Almost forty years later, more than 500 food banks are dotted across the country. According to Food Banks Canada, on average, 850,000 Canadians are fed through food banks each month—nearly 100,000 in British Columbia alone. The widespread legitimacy food banks enjoy, argue Mendly-Zambo and Raphael, has ended up “depoliticizing” food insecurity, making its solution more difficult. That’s because the least-debated fix—government policies that mend our failing social safety nets—is the most effective way of improving access to food.
“Food insecurity is about income,” says Paul M. Taylor, the executive director of Foodshare Toronto, a non-profit that operates more than forty-five travelling food markets—basically retrofitted buses stocked with fresh lettuce, okra, onions, berries, and broccoli. Targeting disadvantaged communities in the Greater Toronto Area, it delivered over 2 million pounds of low-cost, high-quality produce in 2017 alone. But Foodshare could distribute three times that and it still wouldn’t bring single-parent families and seniors any closer to affording the nutritious food they need. Since May 2010, according to the City of Toronto, the cost of a basic, healthy diet in the municipality jumped 18.4 percent; over the same period, the minimum wage rose only 13 percent. “Folks concerned about hunger,” says Taylor, who often sees customers scrounging for small change when paying for fruit and vegetables, “need to be talking about things like universal basic income and increases to the minimum wage.”

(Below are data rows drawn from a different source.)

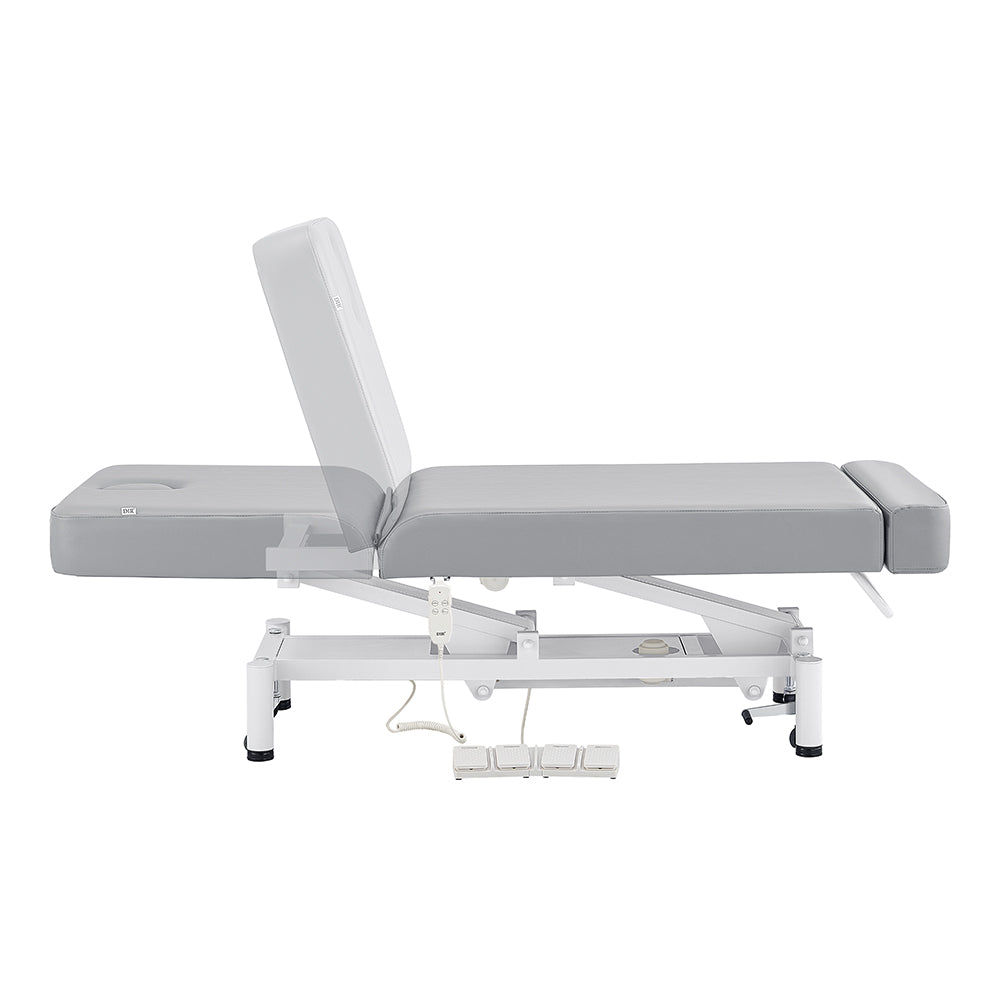 WellRelax Electrical Physical Therapy Table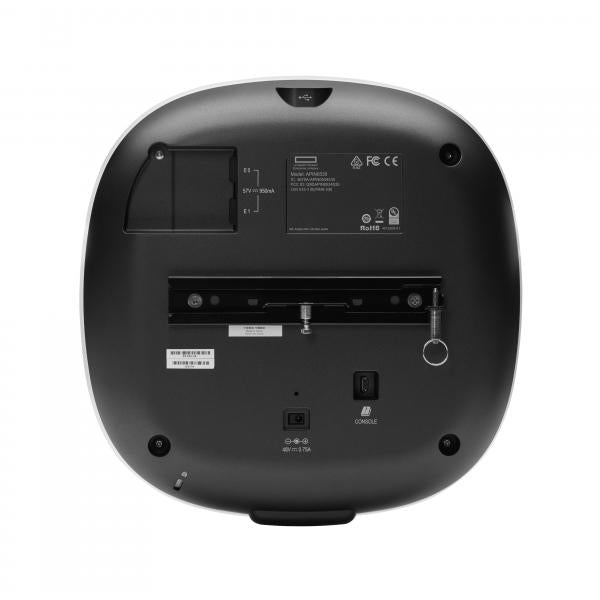 Hp Aruba AP-535 (RW) Unified AP [JZ336A]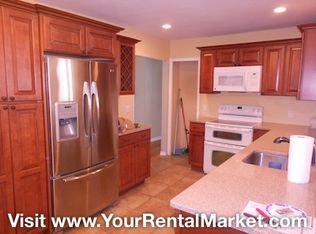 3494 Clifton Blvd, Wantagh, NY 11793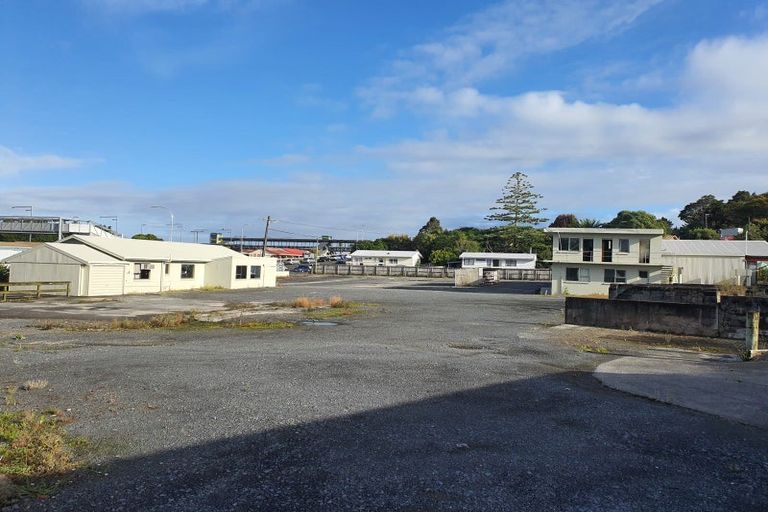 Photo of property in 48 Station Road, Pukekohe, 2120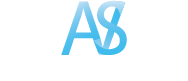 Aspire Visionary Solutions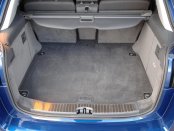 VAUXHALL SIGNUM 2003-2008 Service Repair Manual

Those conversations seem increasingly hard to have in politics. Since being elected last June, Ontario premier Doug Ford halved a proposed increase to social assistance rates from 3 percent to 1.5 percent, delayed an increase to the minimum wage that would have brought it from $14 to $15 an hour, and deep-sixed the universal basic income pilot project, which was gathering data from three pilot sites in Ontario to understand whether a basic income could improve the standard of living for low-income people. With the pilot scrapped midway, there’s no reliable data for researchers. But we already know that relatively modest increases in income have been found to reduce food insecurity. In Newfoundland and Labrador, between 2007 to 2012, the rate of food insecurity among households living on social assistance was cut nearly in half from 60 percent after the government increased benefit levels, indexing them to inflation.
But if food-security advocates believe tax-based solutions, like better social assistance or a universal basic income, should be part of a coordinated strategy to help Canadians put healthy food on the table, the question of how we will afford them remains. Given the drain that hunger has on health care, mental health, and productivity, says Tarasuk, “We’re already paying for it.”
*Name has been changed to protect the source’s privacy.